О чём умолчали книги | страница 6
Проявляя храбрость и находчивость, будет сражаться на баррикаде вместе со взрослыми и мальчик Жозеф — персонаж романа Реи Дюссейля «Монастырь Сен–Мера», написанного в 1832 году. Парижский мальчуган перекочует в книги Эжена Сю, Понсона де Террайля, А. Дюма–сына, он промелькнет в стихах Огюста Барбье и других поэтов. Много лет спустя, в конце века, его маленькая фигурка вновь возникнет в прекрасном романе Феликса Гра «Марсельцы».
*
Встретим мы его под разными именами и в произведениях Виктора Гюго — в романе «Собор Парижской богоматери», в «Истории одного преступления», во многих стихах, в том числе и в стихотворении «На баррикаде». И, наконец, как наиболее яркий образ он предстанет перед нами под именем Гавроша на страницах огромной социальной фрески — романа «Отверженные».
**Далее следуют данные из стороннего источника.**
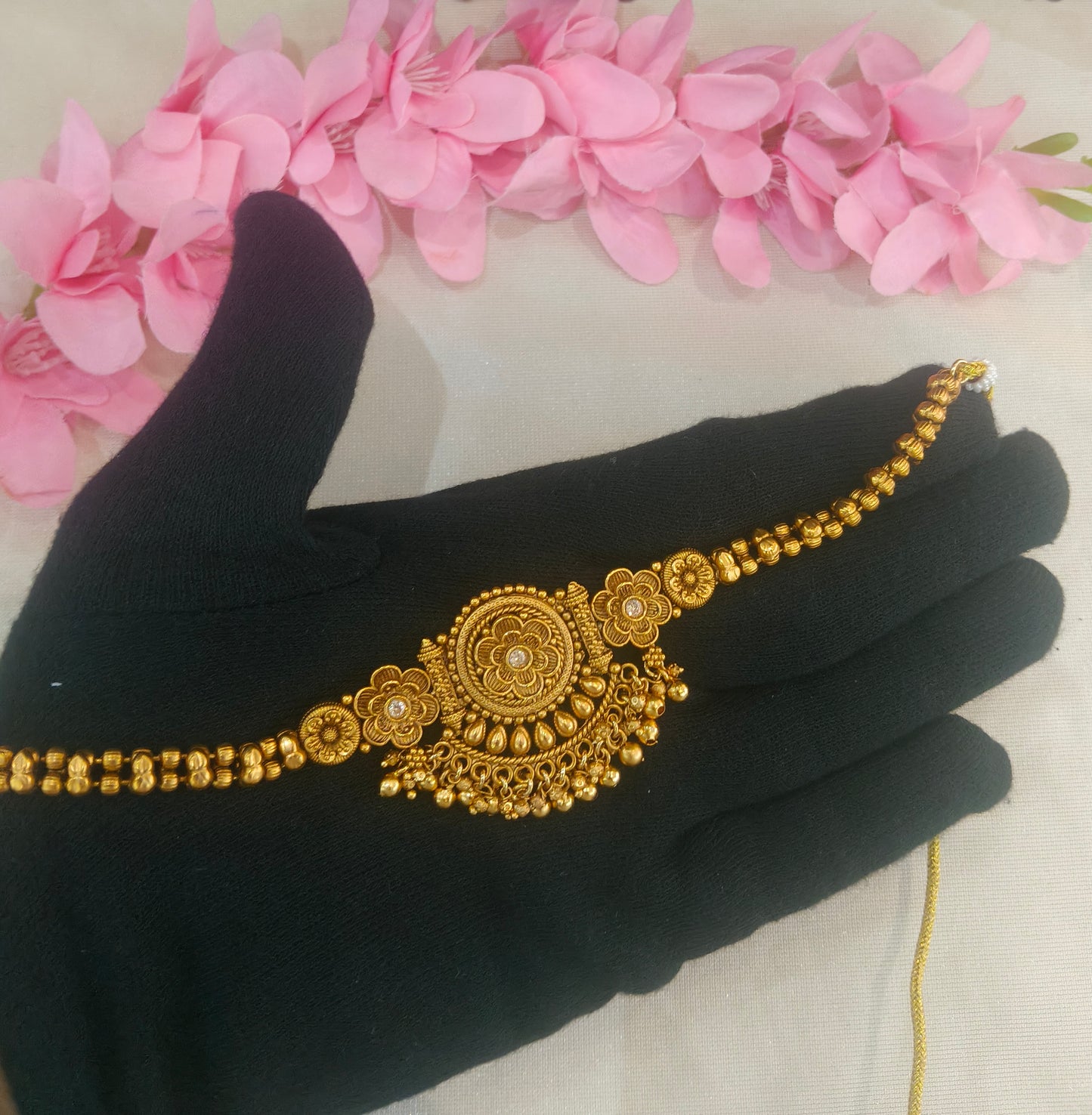 Gold Polki ChokerJewellery Litika Set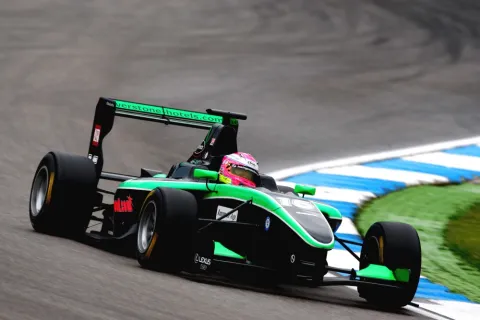 #16 Alice Powell – Status GP – Dallara GP3/10 - Renault – GP3 Series 2012
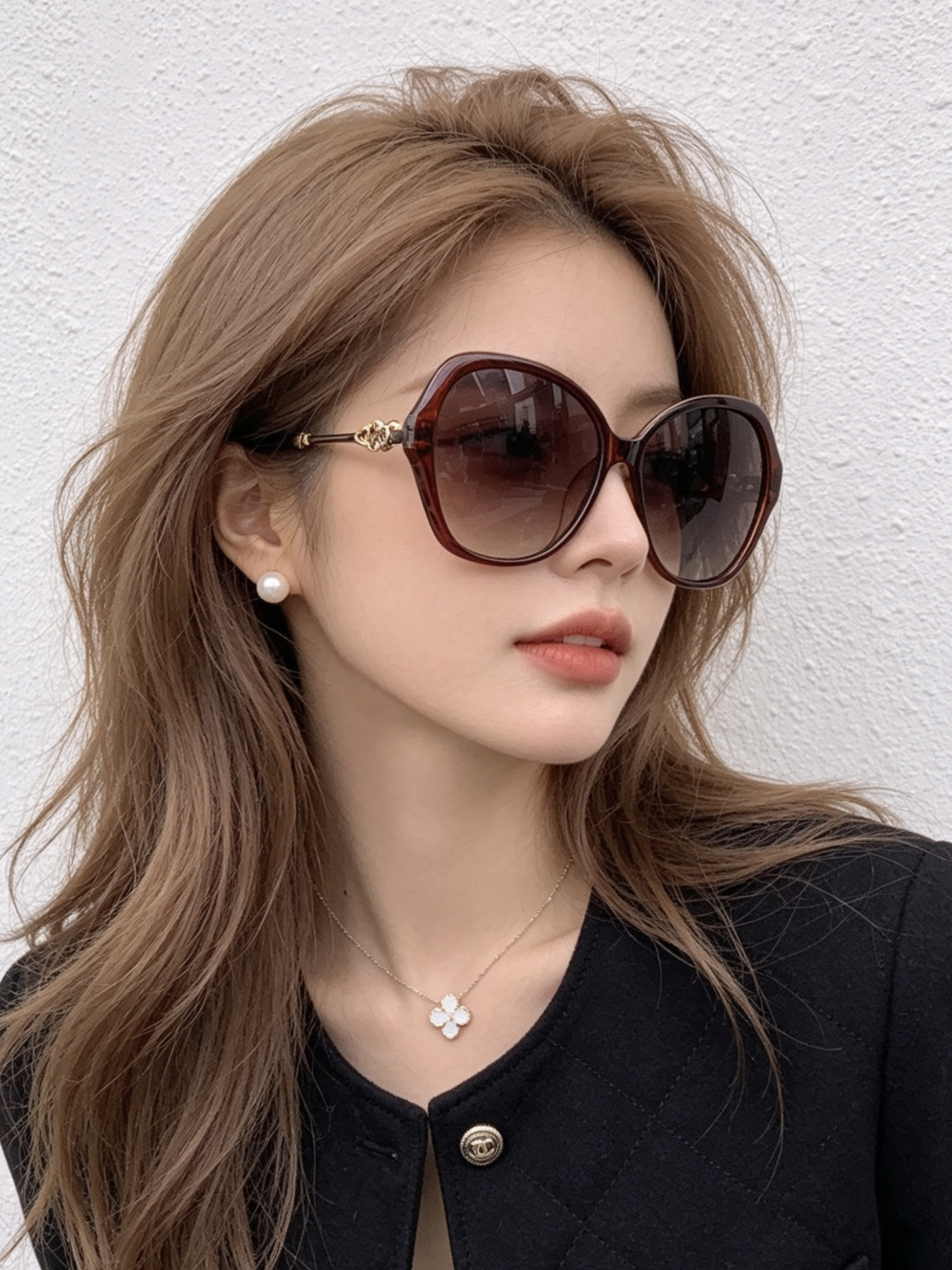 新品CHANEL 香奈儿太阳镜以独特魅力和前卫风格诠释春夏最新眼镜，质感超好佩带舒适 型号：CH042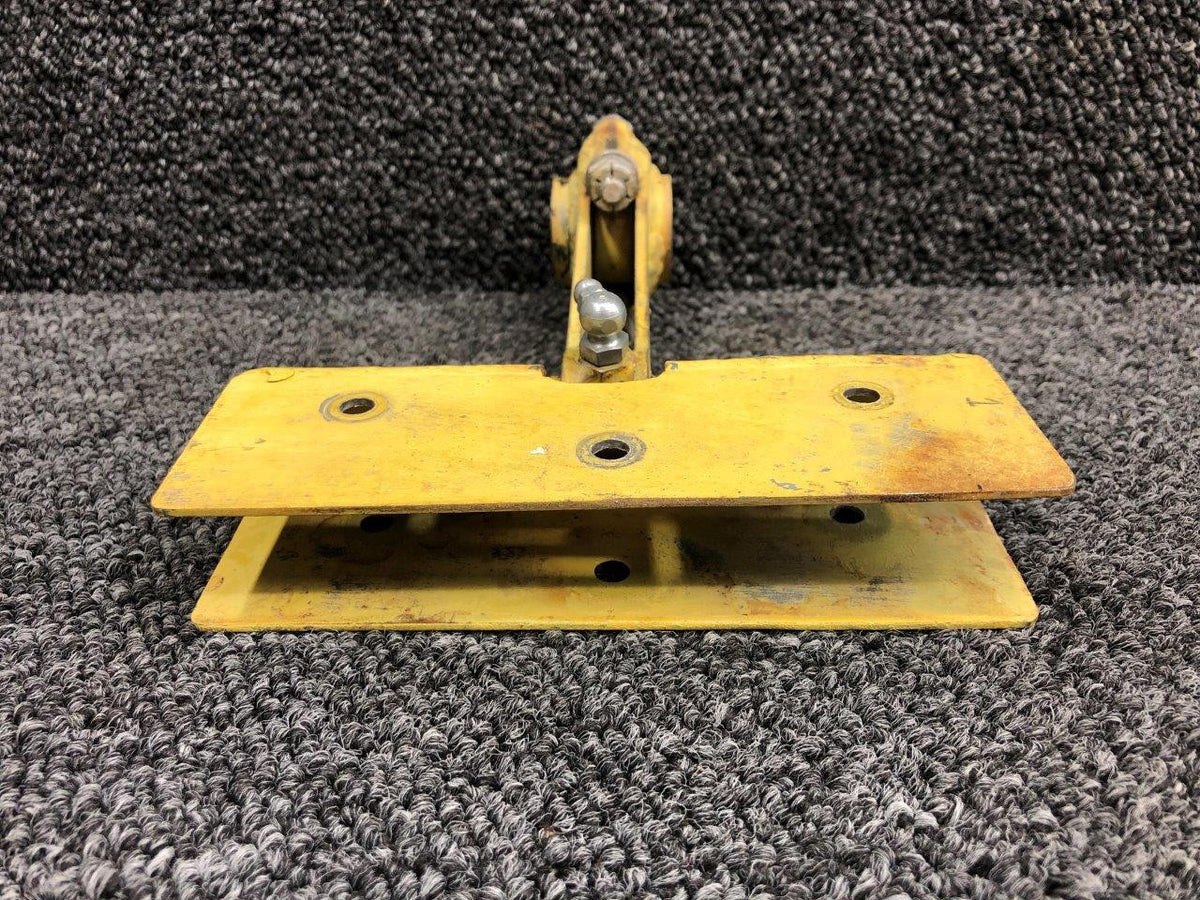 Volairecraft 37425 Volaircraft 10A Main Landing Gear Hinge Assembly LH or RH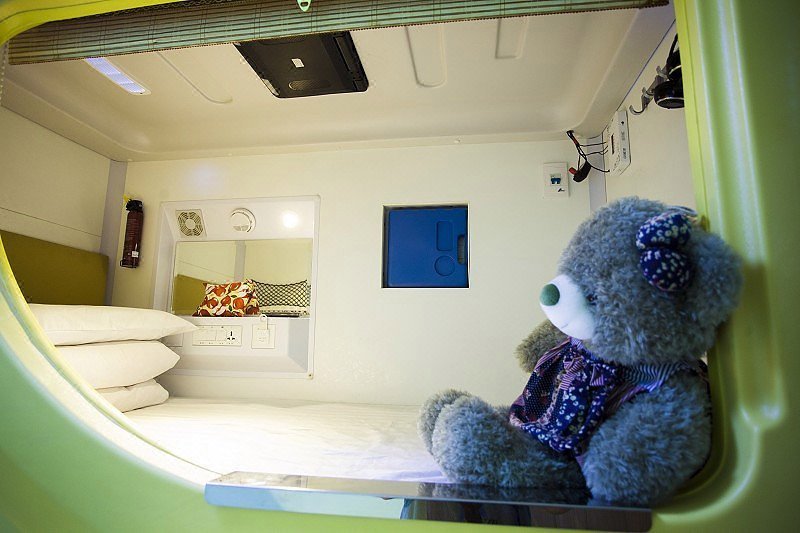 Simple Capsule Apartment Hotel Guest Room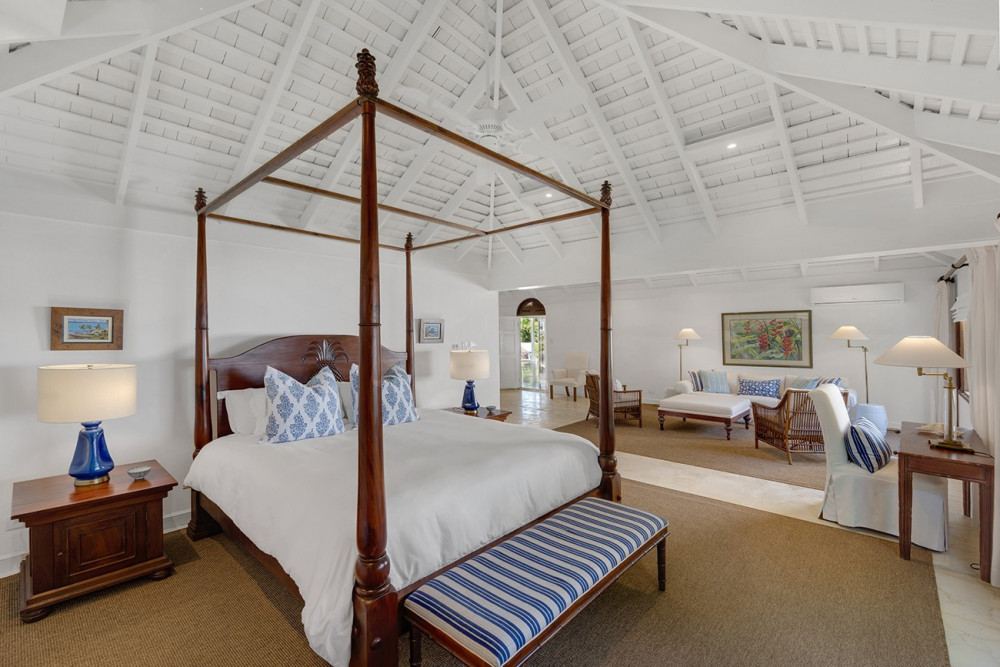 Longview Villa on Round Hill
Нам не известно имя мальчика, о котором рассказал Андерсен; не известно, кого нарисовал Делакруа. Но несомненно, что материал для их произведений дала жизнь. Чтобы еще раз убедиться в этом, достаточно раскрыть историю борьбы французского народа. Многие ее страницы посвящены детям, самоотверженно сражавшимся под знаменем Революции. Всякий раз, когда народ поднимается в бой против тирании, когда раздается клич «Отечество в опасности!», — в эти исторические моменты, говорил Гюго, обыкновенный человек вырастает в гиганта, «Руже де Лиль слагает песнь, ее претворяет в жизнь Бара». Виктор Гюго нередко вспоминает это имя в своих произведениях. «Пусть каждый подросток будет таким, как Бара!» — призывал писатель в «Воззвании к французам», написанном на склоне лет в тяжелый для его родины час — осенью 1870 года.
Имя Жозефа Бара, этого мальчика–патриота, стоит первым в списке реальных предшественников Гавроша. Он жил и сражался за полвека до того, как герой Гюго поднялся на баррикаду, в те великие дни, когда французы шли в бой за свободу, равенство и братство, штурмовали Бастилию, вели войну со всей аристократической Европой, воевали с собственной контрреволюцией.
В судьбе тринадцатилетнего барабанщика Жозефа Бара не так уж много общего с Гаврошем. Но писателю часто и не нужно, чтобы точно совпадали факты жизни реального прототипа и его героя. Для Гюго было важно нарисовать героический характер, создать живой литературный персонаж. Жозеф Бара был в этом смысле великолепным «натурщиком», с которого было очень удобно писать образ юного героя. Его подвиг не мог не взволновать, не мог не вдохновить художника. И не случайно об этом маленьком храбреце было сложено столько песен и написано столько стихов, недаром его изображали в своих работах художники и скульпторы. Поэты Т. Руссо, М. — Ж. Шенье, О. Барбье посвящали ему стихи, художник Жан–Жозе Веертс, скульпторы Давид Д'Анжер, Альберт Лефевр создавали ему памятники, и даже такой гений, как Луи Давид, первый в мире великий живописец, ставший революционером, из трех картин, посвященных деятелям французской революции, «мученикам свободы» — Лепелетье и Марату, одну посвятил Жозефу Бара. Правда, из‑за особых обстоятельств, о которых речь пойдет ниже, полотно это, ныне хранящееся в музее города Авиньона, художнику закончить не удалось.